Look in the data below for the line that has "2530 Carrington Way", then print exactly every line from there through the line that has "The aerial image", leaving pictures out.

- GIVEN RECORDS -
#####
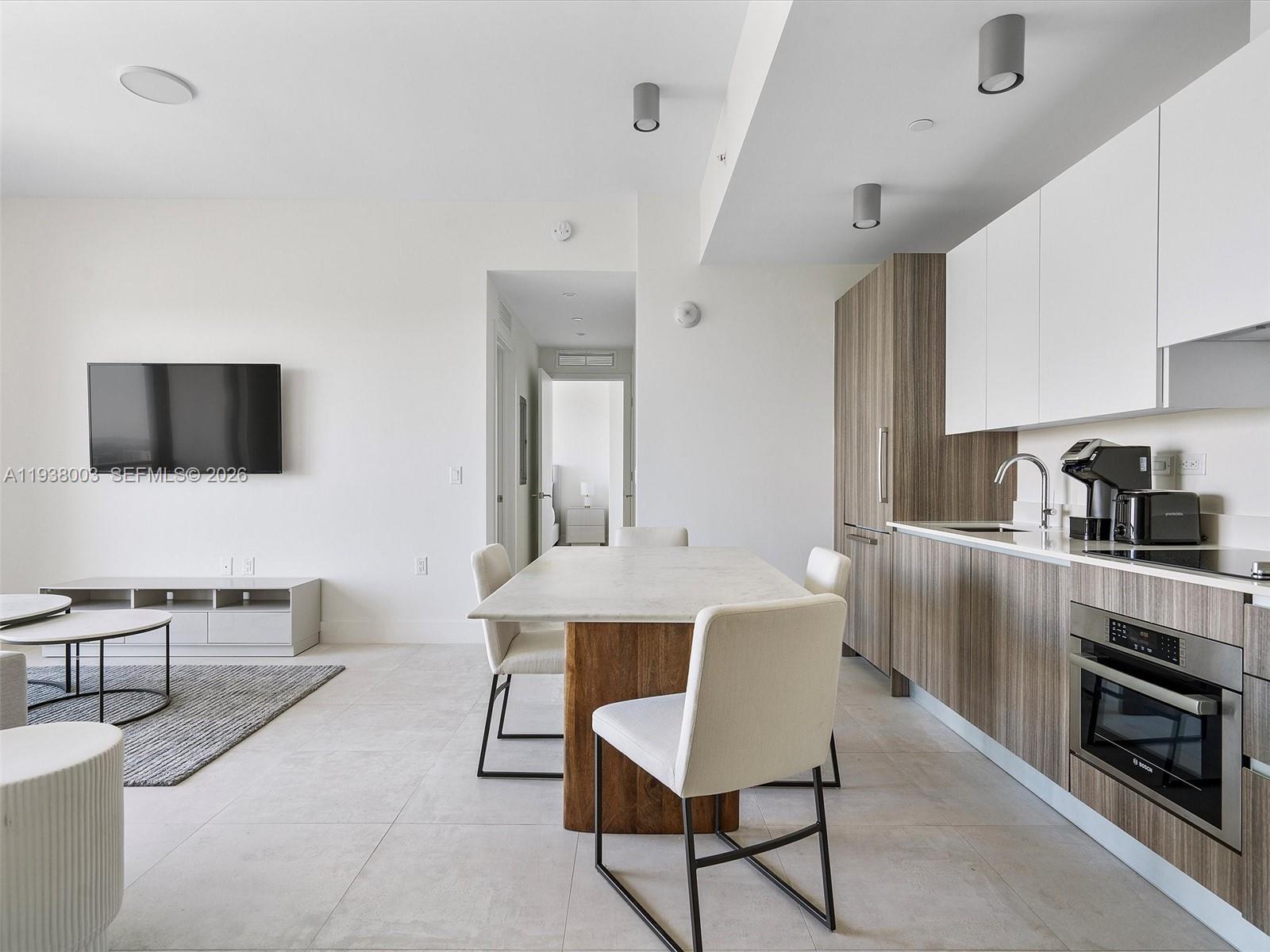239 Southwest 9th Street, Unit 2003 Miami, FL 33130 - Photo 14 of 52 a living room with furniture and a flat screen tv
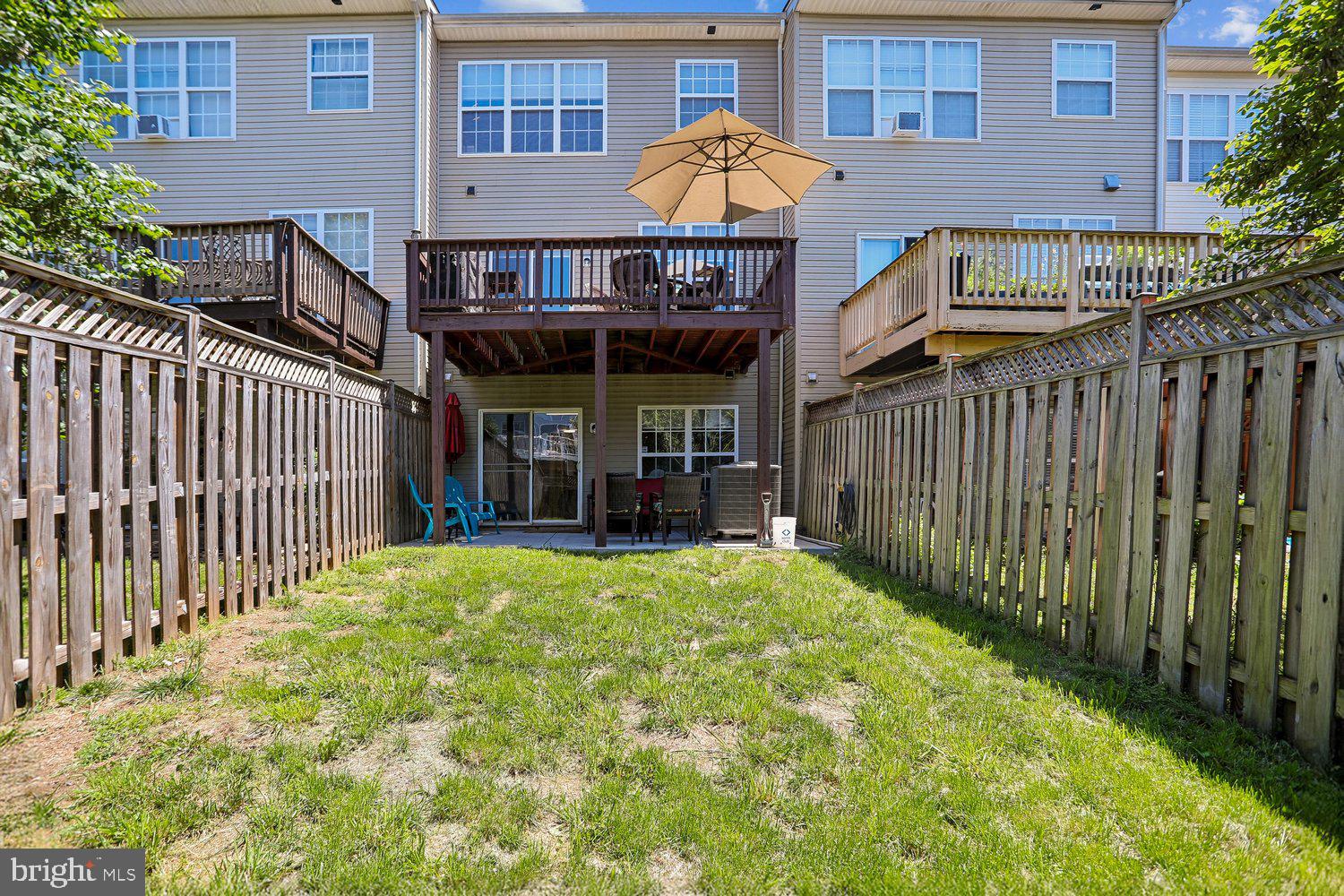 2530 Carrington Way Frederick, MD 21702 - Photo 34 of 38 a view of a house with wooden fence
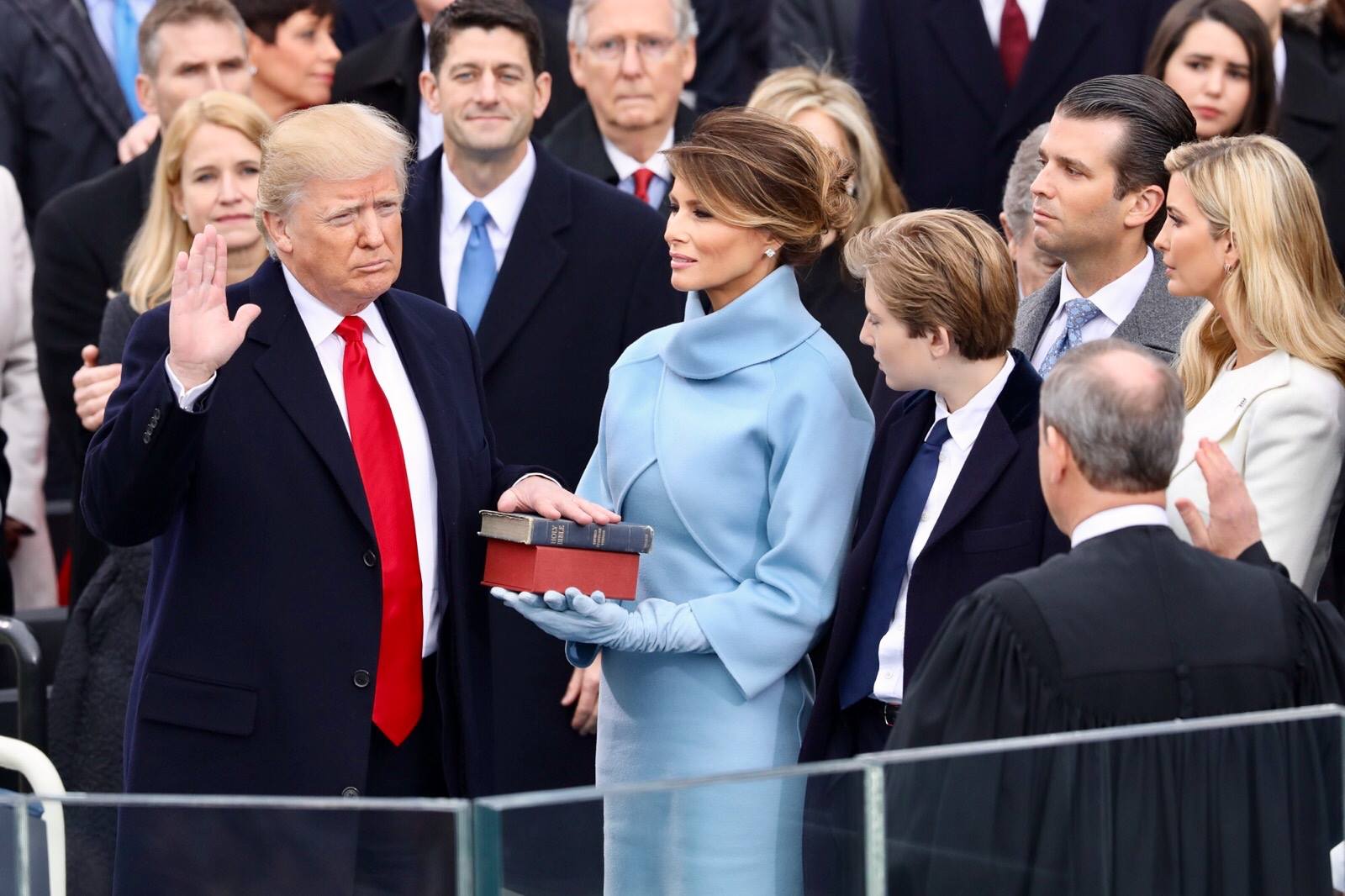 President Donald Trump being sworn in on January 20, 2017 at the U.S. Capitol building in Washington, D.C. Melania Trump wears a sky-blue cashmere Ralph Lauren ensemble. He holds his left hand on two versions of the Bible, one childhood Bible given to him by his mother, along with Abraham Lincoln’s Bible. 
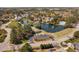 The aerial image shows a community space featuring a pond, clubhouse, and parking at 102 Kamprath Pl, Cary, NC 27519
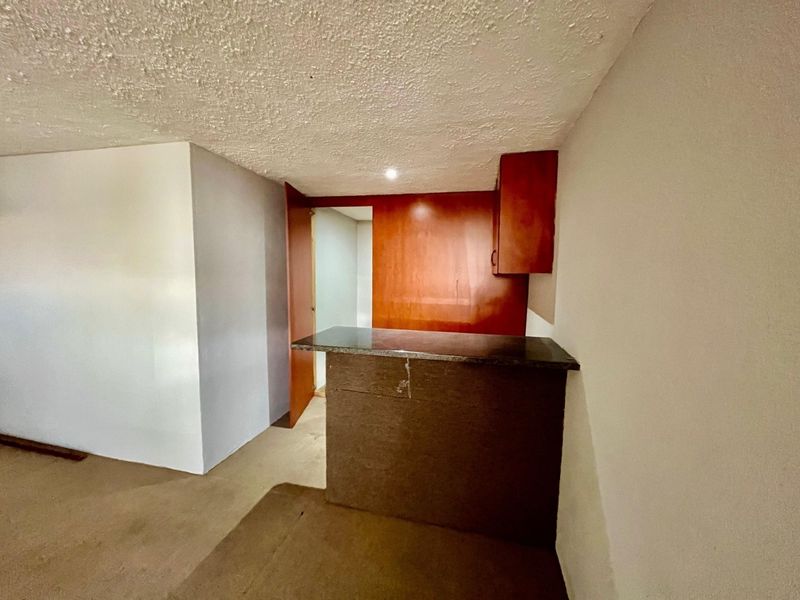 A compact kitchen area featuring built-in cabinetry and a stone-topped breakfast bar, currently vacant and awaiting modernization.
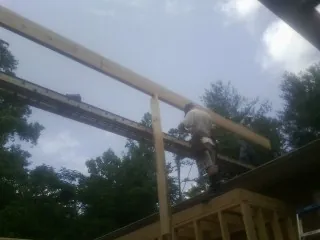Carpenter setting a ridge beam over a new addition frame — Ice Dam Removal by Roofing Brothers in Sunset Beach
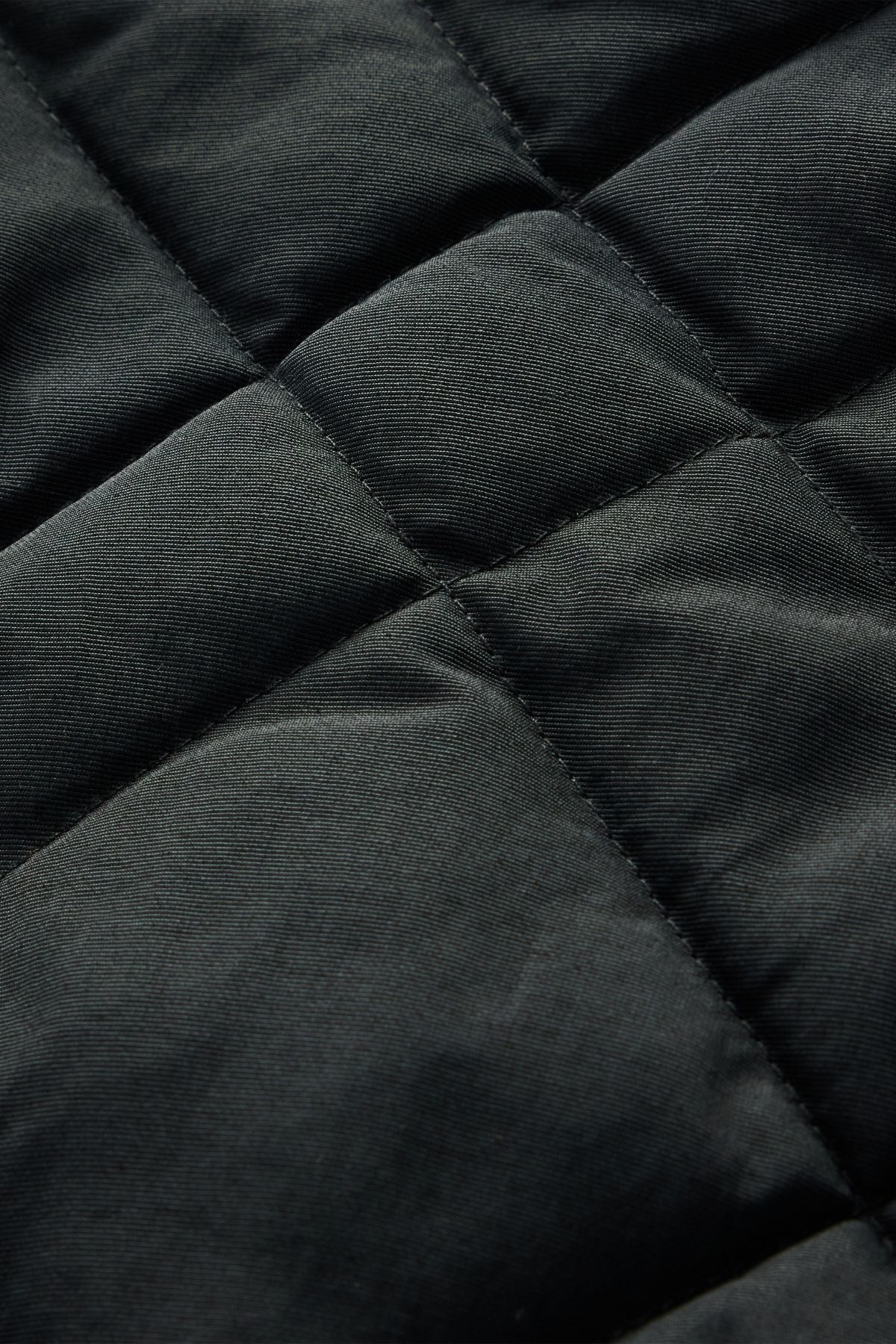 Close-up of the RM Williams Ikara Vest in black, highlighting its quilted fabric with square stitching patterns and a soft, padded texture.
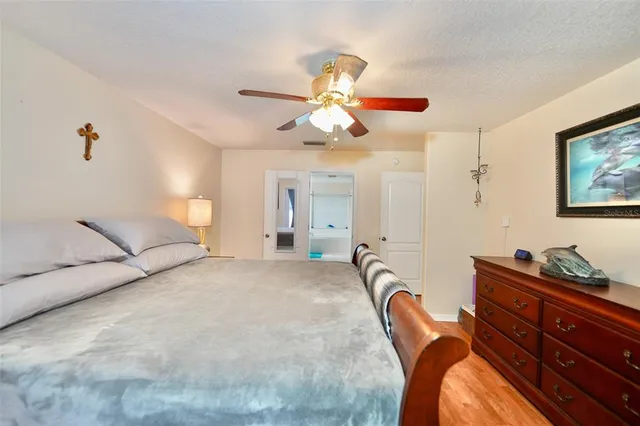 a bedroom with a bed and a chandelier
#####
- RESPONSE TO THIS EXERCISE -
 2530 Carrington Way Frederick, MD 21702 - Photo 34 of 38 a view of a house with wooden fence
 President Donald Trump being sworn in on January 20, 2017 at the U.S. Capitol building in Washington, D.C. Melania Trump wears a sky-blue cashmere Ralph Lauren ensemble. He holds his left hand on two versions of the Bible, one childhood Bible given to him by his mother, along with Abraham Lincoln’s Bible. 
 The aerial image shows a community space featuring a pond, clubhouse, and parking at 102 Kamprath Pl, Cary, NC 27519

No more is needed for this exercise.